GB, you suggested this thread, with a different question
What about evergreen content that don't get updated for ages, how come they still get good traffic
There's nothing wrong with sites that don't change - provided they have good content. They will still get spidered, and if their number of links grows (which it will, if it's a good site), then they can still advance, albeit slowly and steadily.
Fresh content on a reasonably regular basis, will tend to encourage more frequent and regualr spidereing, but will not in itself ensure progression - that depends on the Quality of the content, and the uniquity and originality of the content relative to whatever else the spiders find. In general, adding fresh content is a 'good' thing to do, and if done as above, will help in many ways, including attracting more links, and offering a wider range of search results to potential visitors.
What Quadrille said :-)
+ Type of content (which we now know Google algo is able to classify)

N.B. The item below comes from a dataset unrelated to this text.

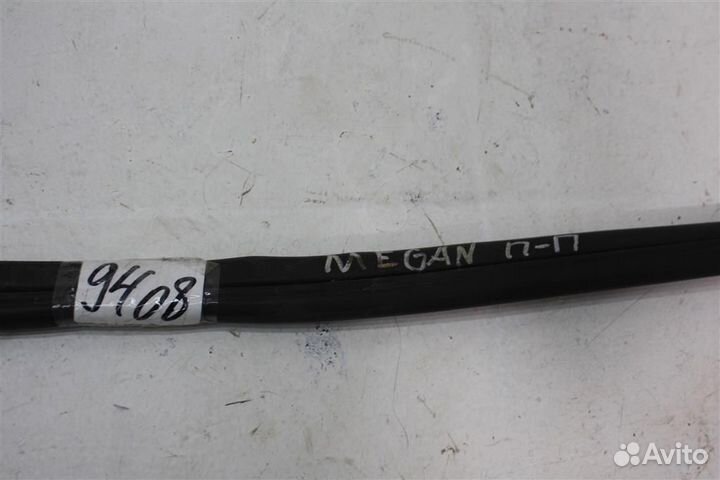 Уплотнитель кузова передней правой двери Renault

A news site is expected to have new content by the hour or at least daily. A history site is not expected to change at all.
A widgets stories or forum site is expected to grow in number of pages a sign of popularity, but not change much inside each page. Vs. A widgets industry definitions site is expected to change much less frequently.
In my experience, based on what I've noticed on pages that have been indexed for around ten years or so, Google (can't say about others) only notices changes of consequence--changes to the text that actually change the way the page would get indexed.
It doesn't see the page as a new page just because I add a few words somewhere. If I revise the title and the opening paragraph, however, that can have an effect, because it affects how the page is indexed.
I would be surprised if Google, or any good search engine, were to treat minor editorial changes or date updates as "fresh content".
I would also be surprised if Google, or any good search engine, were to mark a site/page down just because it has no "fresh content" - but maybe it is a factor for some types of page/site.
My golden rule of thumb is to think in terms of what will work best for the surfer - that will tend to work well with the search engines that matter. Content needs to be good quality and current. If the content has become out of date, its quality will be getting worse. However, if good quality material is still current, it doesn't matter how long it has been since it last changed.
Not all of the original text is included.